Ticks, with the teaspoon in the saucer.

I must consider it well, I have enough time, he said. Three years, maybe five in my case. I must realise he himself does after all think very progressively about these matters, he always wants only to alleviate all and any suffering as much as possible and he is at my service I need only speak the word, do I understand?

As far as possible. Alleviate he wants to.

Up-and-down with his eyebrows. Read-me-I’m-an-open-book-my-name-is-Euthanasia-Leroux-MB Ch.B.

Well, in my book there’s little scope for speculation, Doc. I was born Redelinghuys, house of reason.

I beg your pardon?

I said, time will tell.

I wanted him to leave. Agaat was listening from behind the kitchen door. I could hear the floorboards creak. She had taken a dislike to the man from early on, could imitate his would-be fatherly blanditudes to a nicety.

At the front door he pressed a transparent blue plastic case full of blue and red pamphlets and brochures into my hands, also a book on all kinds of atrophies and publicity magazines on appliances, and folded my thumbs around the handle for me.

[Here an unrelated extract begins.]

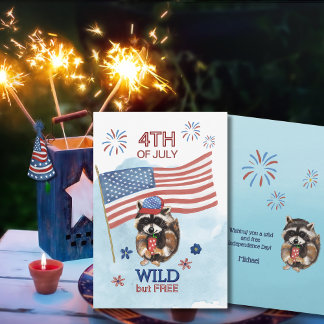 4th of July coole Patriotic Racoon Kaart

Do take well-informed decisions now, Mrs de Wet, he said, fortunately I know you are of a practical bent, somebody who wants to be in control at all times. And you are a farmer. Illnesses and suffering are a farmer’s daily bread. And fortunately you have no dependants at this stage who could hamper you. . er. . whom you have to concern yourself about.

The self-correction was half lost in the thunderous bang of the back door.

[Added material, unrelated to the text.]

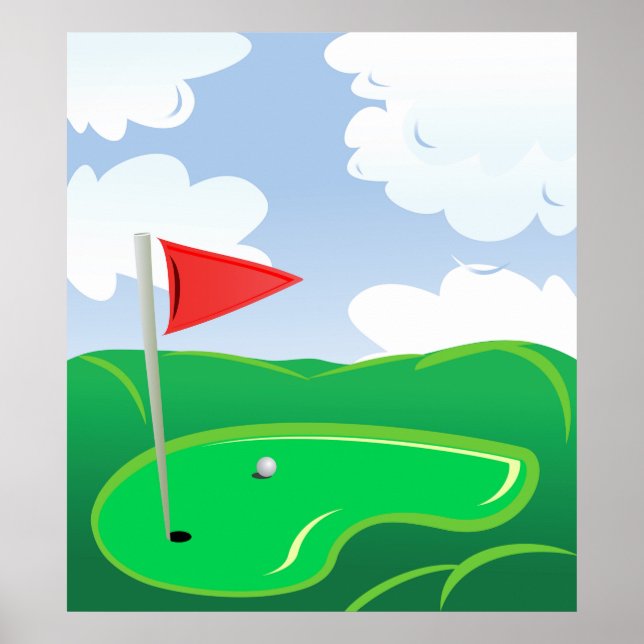 Poster Golf Green with Red Flag and Ball (Frente)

Grootmoedersdrift is situated in a draught. That was what we always said to one another at that time of year.

And wait, he said, it almost slipped my mind.

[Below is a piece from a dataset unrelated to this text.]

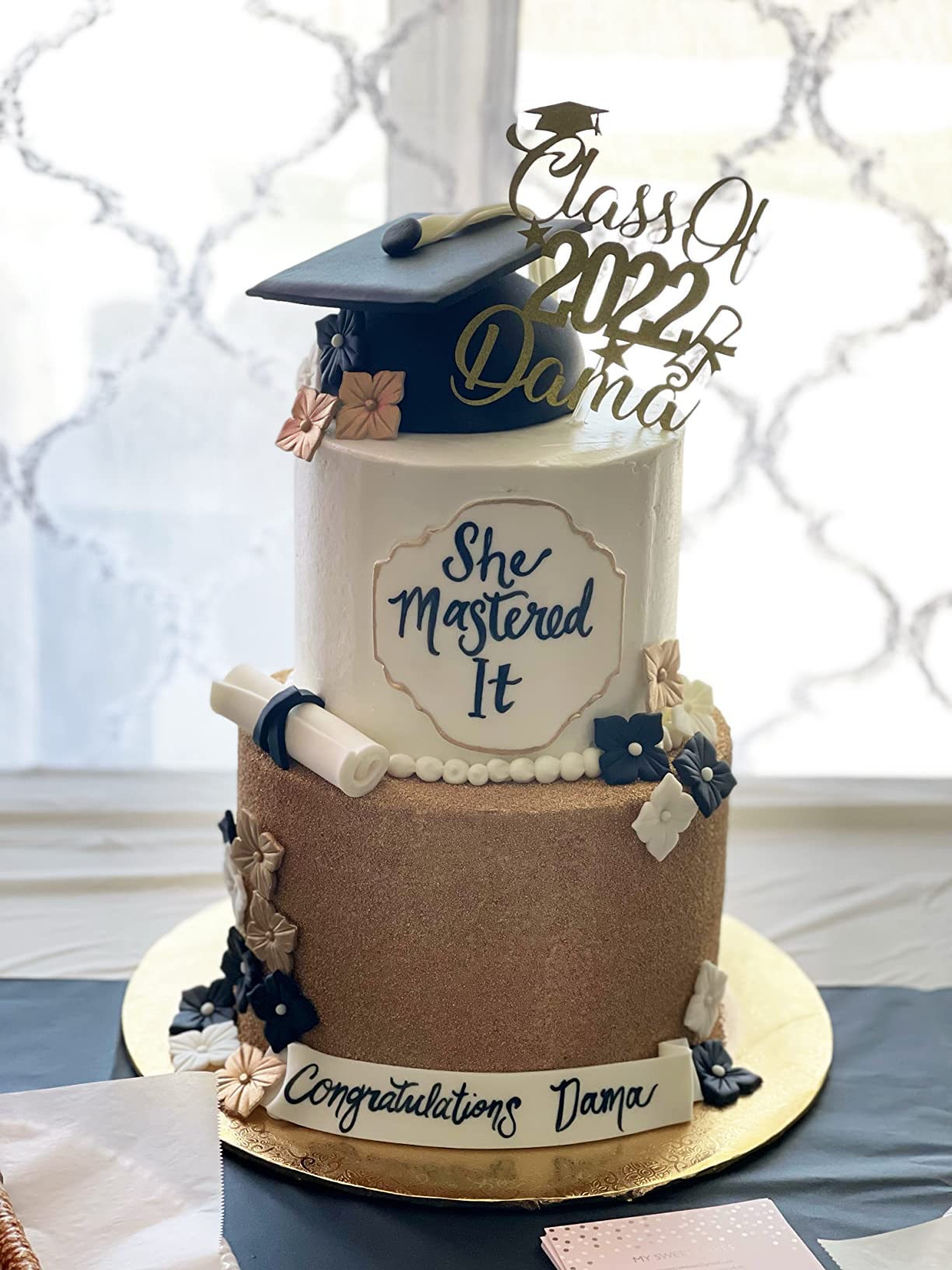 EDSG Personalized Cake Topper Custom Congrats Graduation Hat Double Sided Glitter Card Champagne Gold Class of 2025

Three paces and he was next to his car. A big white plastic bag appeared.

On appro, he said, the newest appliances on the market, I thought I would do some shopping for you in the meantime while I was in town. Try them out, see what works, we can settle later.

He pressed the bag into my arms on top of the case.

A sheet of paper fluttered to the ground, he snatched it up and stuck it on my chest on top of everything else.

Oh, and then there’s this table, the whole profile at a glance, he said, symptoms, medicine, therapy.

Bedside manner in the Overberg, I thought, physician heal thyself.

And as he drove out at the gate, I thought: Milla has all of it.

Only now do I realise what I was trying to think that day. Because now I almost have it all behind me.

To make of nothing an all.

That was what Agaat made of me. The lamer, the more nothing I became, the more she put into me. I never had any defence. It was her initiative. To make me a lucky packet of myself. The person who has to wither so that the book of her life can be filled. As in like manner the great God had to shrink to make room for his creation. Or something to that effect. Even now I still can’t quite get a clean grip on the idea. It’s a sort of sum with varying balances but with retention of all the contents, only distributed in very specific packagings.

I went to lie down on my bed until Agaat rang the bell for supper. She had cooked specially to celebrate my return: Lamb pie, green beans with onion and bacon, stewed peaches, potatoes, boiled, floury as I like them, a ripe red tomato salad with onions. Damask. Candles. Flowers.

Welcome home.

Even a bottle of wine from the cellar.

Eat, she said, it will give you strength.

She served me, poured wine for me. The meat in the pie was finer than usual, so that I didn’t have to cut it. I was hungry. I was melancholy with feeling what hunger felt like. I wiped my eyes with my napkin. She pretended not to see it. While I was eating, she talked softly, gave me an edited-for-the-sickbed version of what had been happening on the farm in the meantime. She made me at home in my room afterwards. Hot-water bottle, new bedsocks, softest wool, look, I knitted them for you while you were away. Waited for me to speak, pleaded with the eyes, please, I’m Agaat, I’m here, with you, speak to me, tell me what is happening.

Another time, I indicated with my hand.

She switched off the light.

Sleep, she said in the dark in my direction, then you’ll feel better.

Later I became aware of a murmuring and got up to go and see. I listened in the passage. It was her voice.

Dys-pha-gia, can’t swallow, dys-ar-thria, can’t talk, sia-lor-rhoea, incessant drooling.